The court ruled that three of the candidates in these districts had to change their designation from worker to professional. In Egypt, every voter elects a “worker” representative and a “professional.” The system is often abused, with wealthy businessmen standing as “workers” to improve their chances.
Egyptians went to the polls last Wednesday in the first of three-rounds of polling to elect members of the 454-seat parliament. The second round is due to be held Nov. 20 and third on Dec. 1.
The reaction of the ruling National Democratic Party was not immediately known. The party has long dominated parliament and usually it appeals court findings against it.
The same court said it would consider the appeals of two well-known opposition candidates who lost in upset victories for the ruling party last week. Both candidates _ Ayman Nour of the al-Ghad Party and Hazem Abu Ismail, a member of the Muslim Brotherhood _ alleged ballot-stuffing in their complaints to the court.
The court said it would give its verdict Nov. 22 on the appeal of Abu Ismail, a nominally independent candidate, backed by the Brotherhood, who stood in the Cairo district of Dokki.
The verdict on the appeal of Nour, who was defeated in Bab al-Shariya, would be handed down on Nov. 29, the officials said.

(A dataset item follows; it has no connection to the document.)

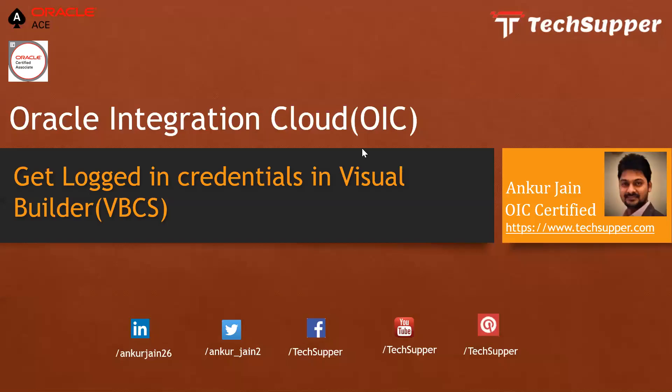Hi everyone, welcome back to the TechSupper channel. Today in this video we will look at how to get logged in credentials in Visual Builder, which is a very common requirement in each and every web application. Before I start, I will request you to please subscribe to my channel so that you can get a notification as soon as I publish a new video.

Nour finished second to President Hosni Mubarak in September’s presidential elections. Earlier in the year he became Egypt’s best known government opponent when he was detained on charges of forgery.
The administrative court, which handles election cases, won respect for its independence in two rulings shortly before the elections. It voted in favor of allowing pro-Brotherhood candidates to use the slogan “Islam is the solution” after the ruling party argued that it violated the constitution.
The court also overturned a decision by the Electoral Commission and granted Egyptian monitors the right to enter polling and counting stations, AP reported.